One of the ways we become self-sufficient and able to pass on the fruits of our lifetime of work is to save and invest. Yet the North Carolina tax code discourages savings and investment through the tax code. JLF’s Roy Cordato explained in his recent Spotlight report.

In 2013 North Carolina instituted sweeping tax reform and began the process of making its tax system more efficient and more consistent with liberty.

There are important areas of the tax code that still need to be reformed, and the treatment of capital gains is one of those areas.

Capital gains taxes penalize saving, investment, and therefore entrepreneurship.

They do this by imposing a second layer of taxation on equity investment.

The most straightforward way to end this bias is to eliminate the tax on capital gains completely.

If abolition of the capital gains tax is considered to be too difficult a task politically, then North Carolina could take the same approach as the federal government and tax capital gains at a lower rate than ordinary income.
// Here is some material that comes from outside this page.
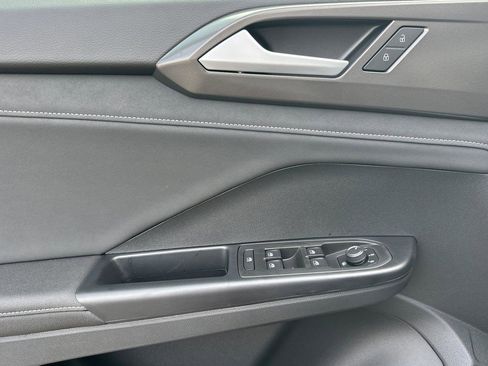 New 2026 Volkswagen Taos SE image 10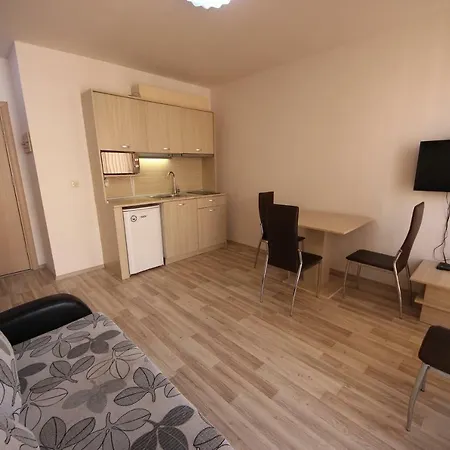 Hotell Menada Lux - Tarsis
Another approach would be to follow the lead of some other states. For example, South Carolina allows taxpayers to reduce their capital gains by 44 percent before applying the tax, while Wisconsin allows for an exclusion of 30 percent.

Fiscal reformers in the General Assembly are to congratulated for taking on tax reform when previous General Assemblies chose to kick the can down the road. Now it’s time to move ahead with the next step of putting North Carolina back on track with more freedom and more prosperity.